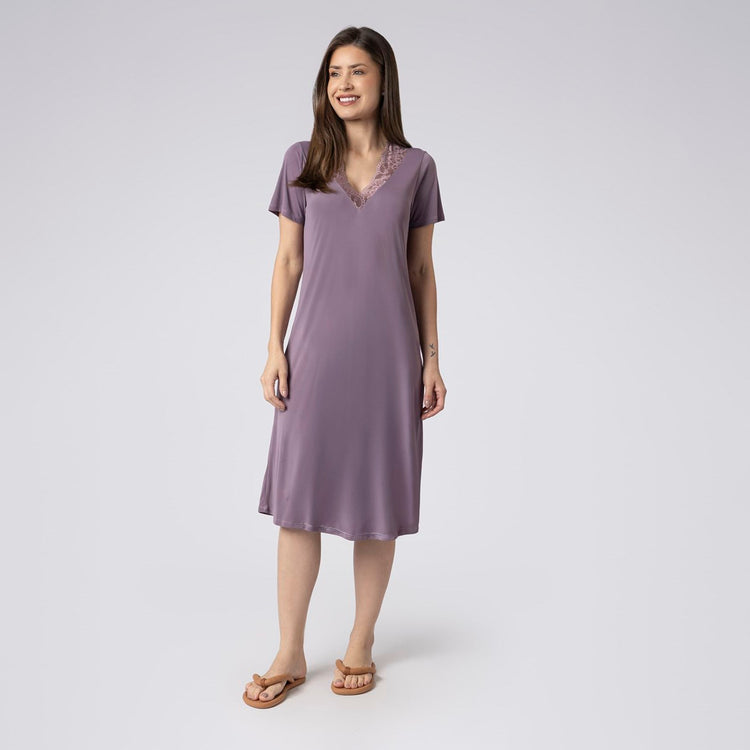 Camisão Feminino Midi Malva Celinda com Renda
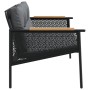 Banco de jardín con cojines acero negro 116 cm de , Conjuntos de jardín - Ref: Foro24-4009303, Precio: 176,31 €, Descuento: %
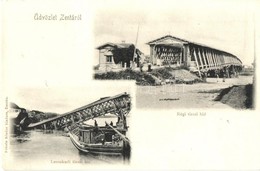 ** T2/T3 Zenta, Senta; Régi Tiszai Híd, Leszakadt Tiszai Híd. Kiadja Fekete Sándor / Collapsed Tisza River Bridge (r) - Non Classificati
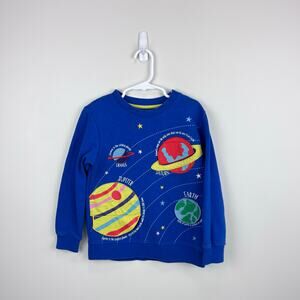 Mini Boden Lift-the-Flap Fun Facts Outer Space Sweatshirt Brilliant Blue 6-7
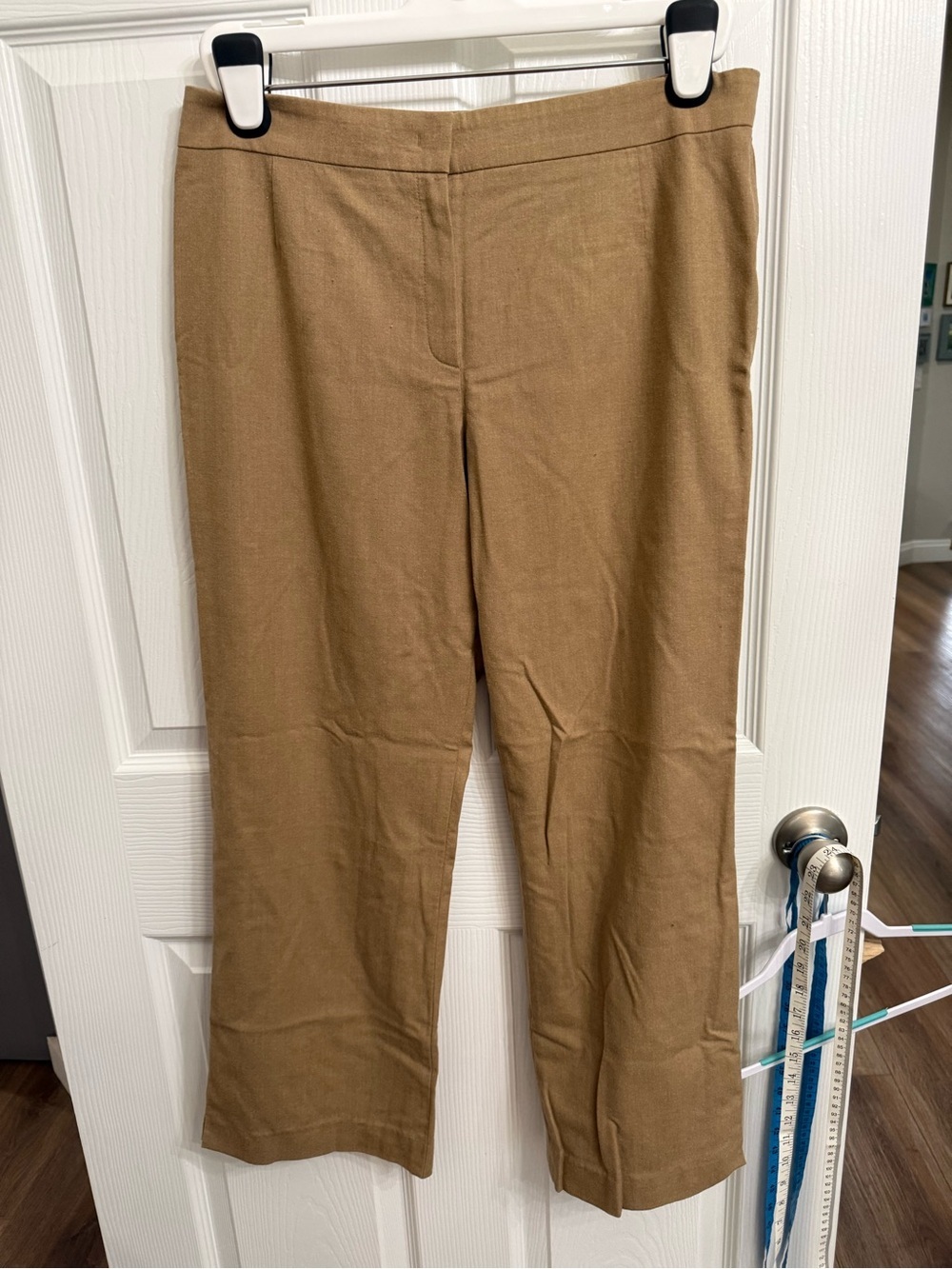 ESCADA Camel Wool Blend Straight Leg Career Pants Size 42 US 10 Brown Luxury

^^^^^^^^^^^^^^^^

Task to carry out
Restate word for word the lines that begin at the one containing "Mini Boden Lift-the-Flap" and end with the final line of the records. Pictures stay out.

Exercise result
 Mini Boden Lift-the-Flap Fun Facts Outer Space Sweatshirt Brilliant Blue 6-7
 ESCADA Camel Wool Blend Straight Leg Career Pants Size 42 US 10 Brown Luxury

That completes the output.